* TASK TO CARRY OUT: Give again, word for word, the line holding "Automotive students in lab" and every line after it through the end of the data below. Omit pictures.

* SUPPLIED DATA:

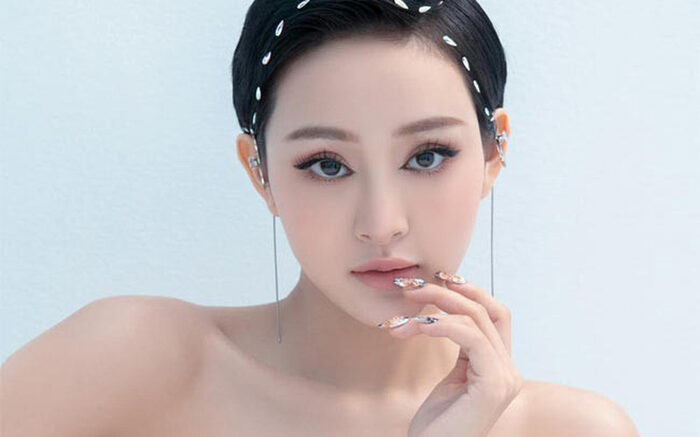 Sốt xình xịch với hình ảnh cô gái quyết tâm phẫu thuật giống Hiền Hồ để có chiếc G63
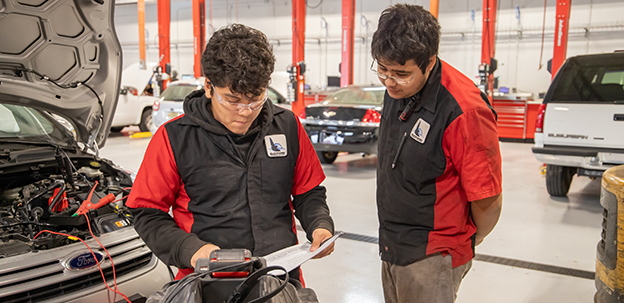 Automotive students in lab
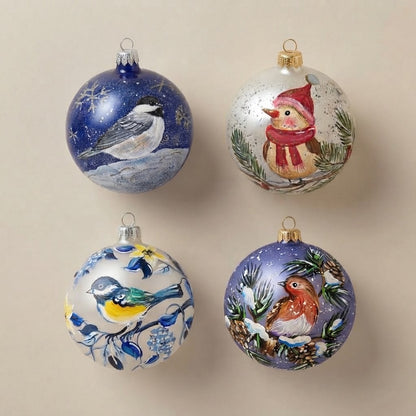 Set da 4 palle di Natale uccellini d'inverno: cincia, uccellino con berretto e sciarpa, uccellino blu e giallo e pettirosso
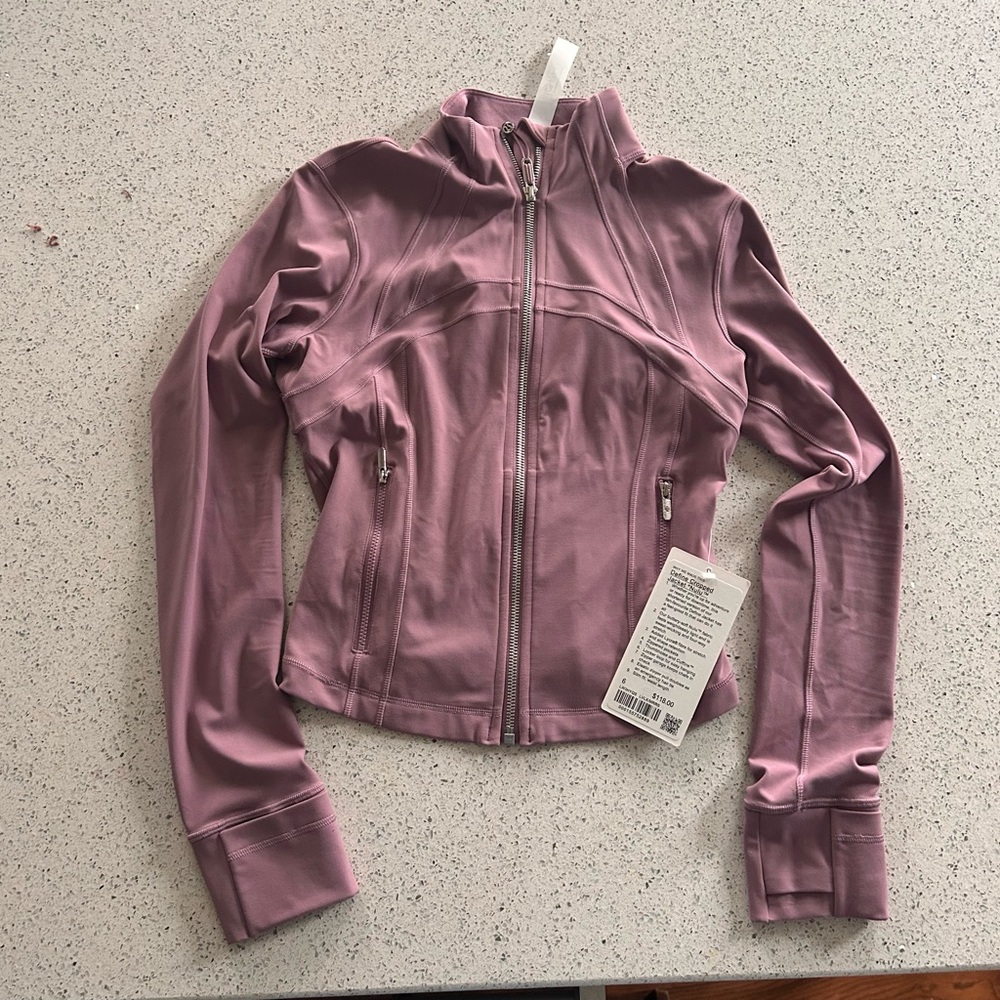 Lululemon Cropped Define Lavender Lux Silver size 6 NWT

* RESULT:
 Automotive students in lab
 Set da 4 palle di Natale uccellini d'inverno: cincia, uccellino con berretto e sciarpa, uccellino blu e giallo e pettirosso
 Lululemon Cropped Define Lavender Lux Silver size 6 NWT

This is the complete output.